►

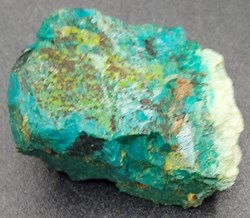 Chrysocolle
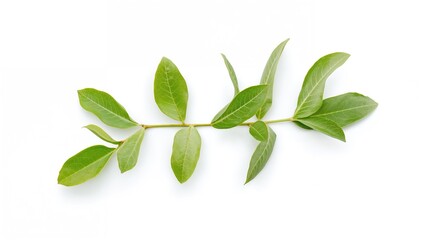 Single sprig of bay leaves on a white background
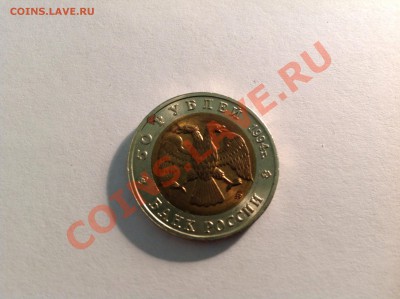 Джейран 1994г до 10.12.2013 в 22-00 - image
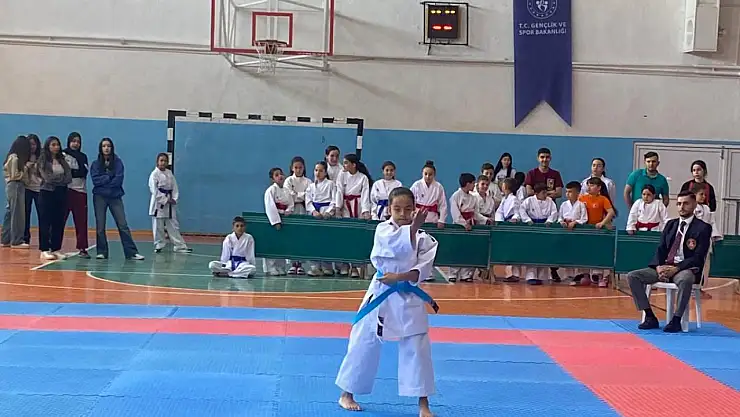 Karate Turnuvası Seydişehir'de gerçekleşti!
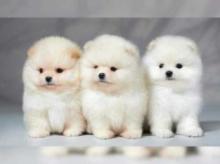 Puppies for sale pomeranian spitz - Romania, Alexandria
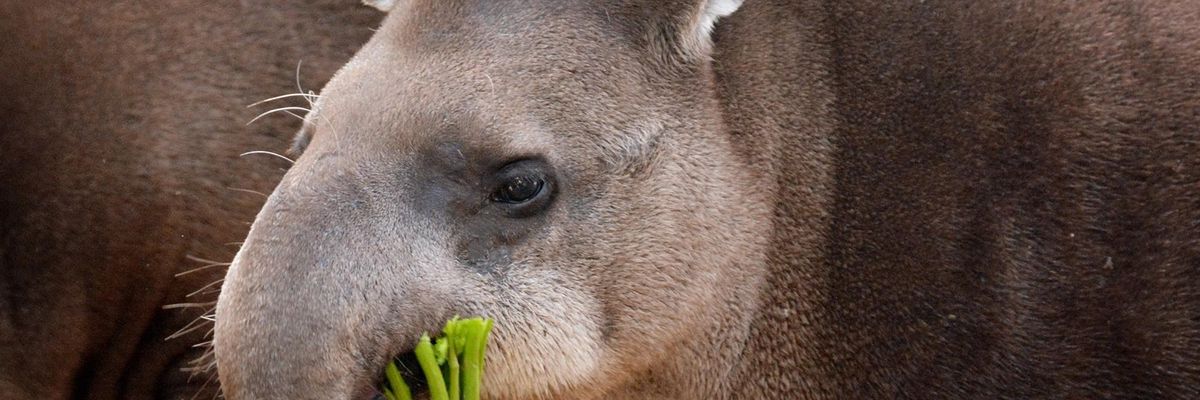 Születésnapját ünnepli Géza, a Fővárosi Állat- és Növénykert tapírja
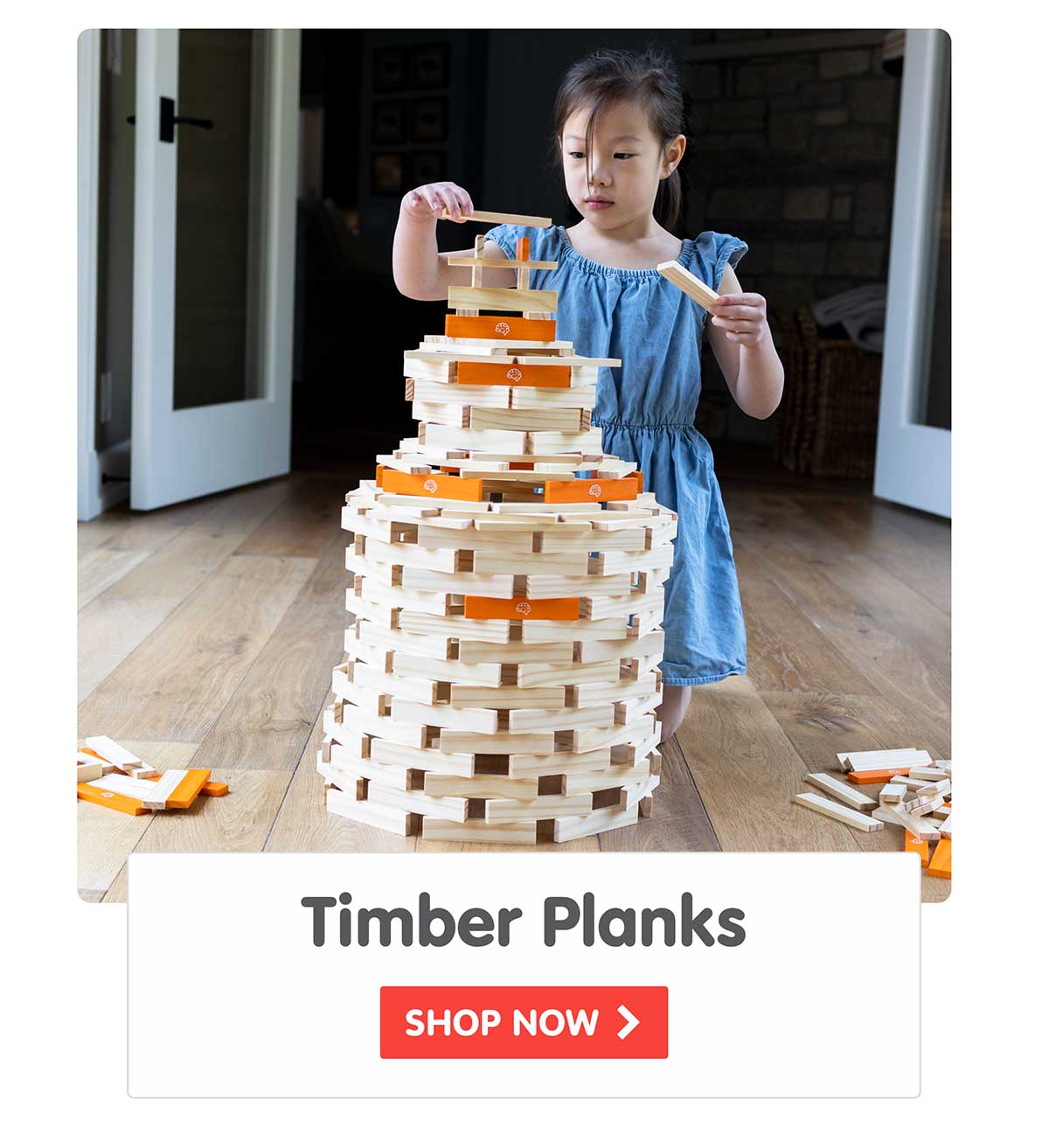 Timber Planks 300 Piece Set - Shop Now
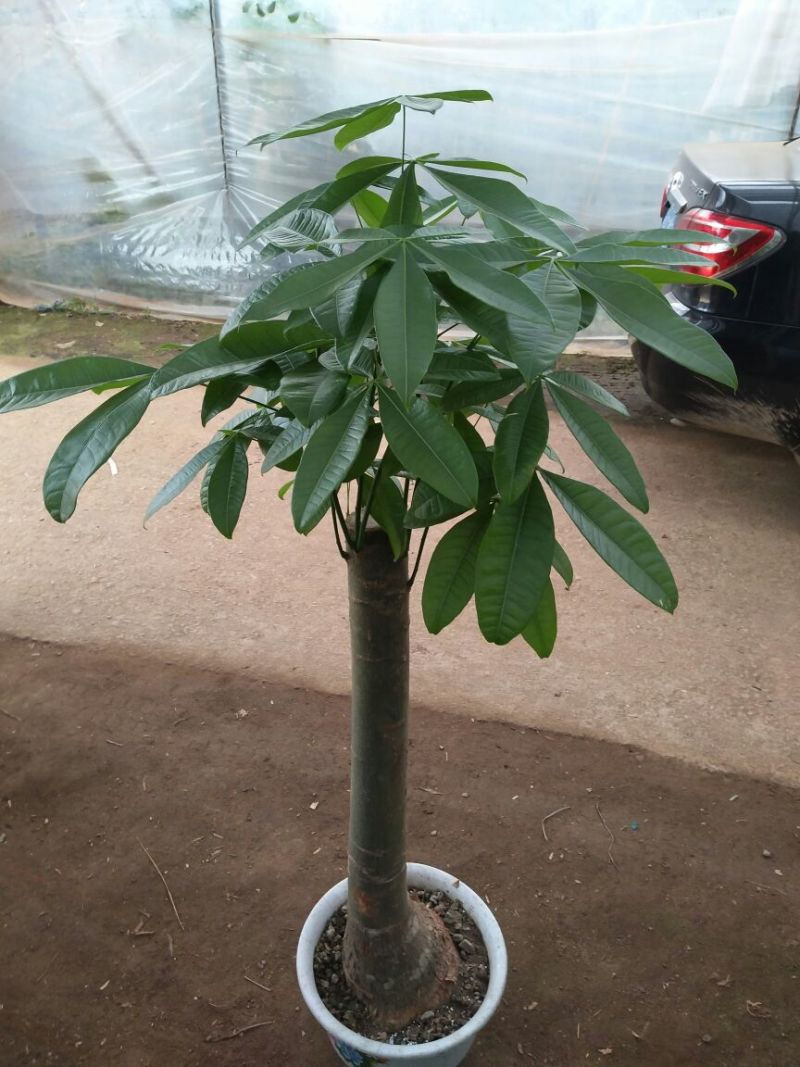 发财树不含盆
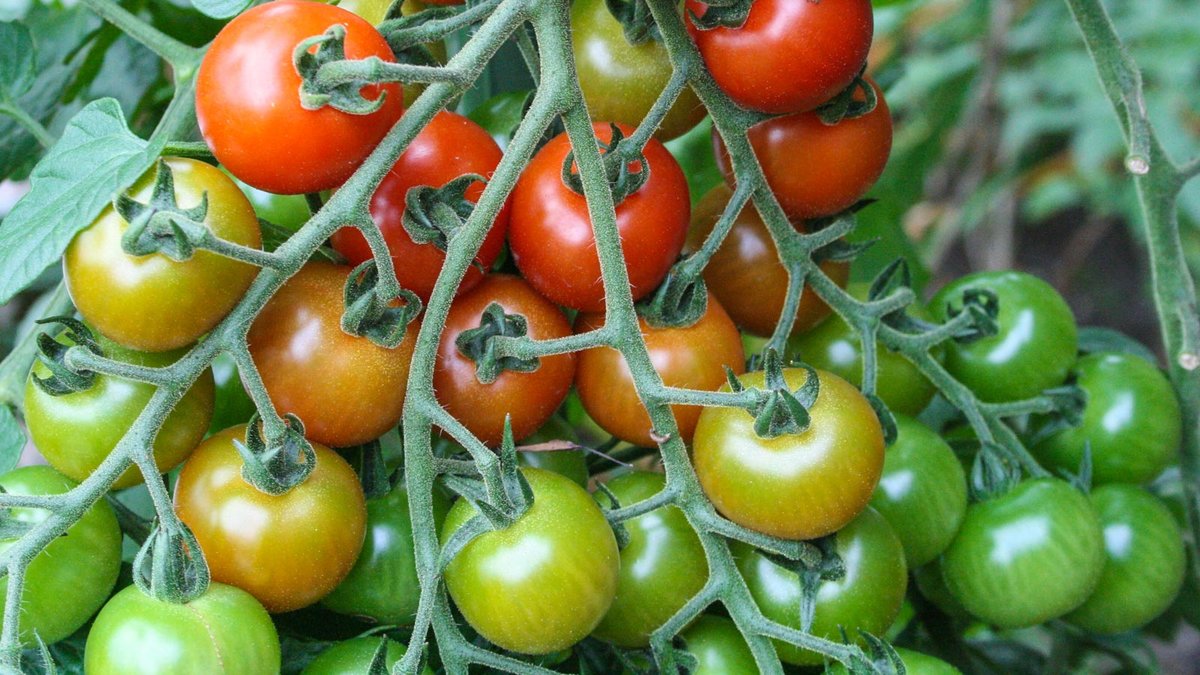 Tomaten an einer Tomatenpflanze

◄

» Exercise
The material must be returned exactly, with its pictures omitted.

» Output for this exercise
 Chrysocolle
 Single sprig of bay leaves on a white background
 Джейран 1994г до 10.12.2013 в 22-00 - image
 Karate Turnuvası Seydişehir'de gerçekleşti!
 Puppies for sale pomeranian spitz - Romania, Alexandria
 Születésnapját ünnepli Géza, a Fővárosi Állat- és Növénykert tapírja
 Timber Planks 300 Piece Set - Shop Now
 发财树不含盆
 Tomaten an einer Tomatenpflanze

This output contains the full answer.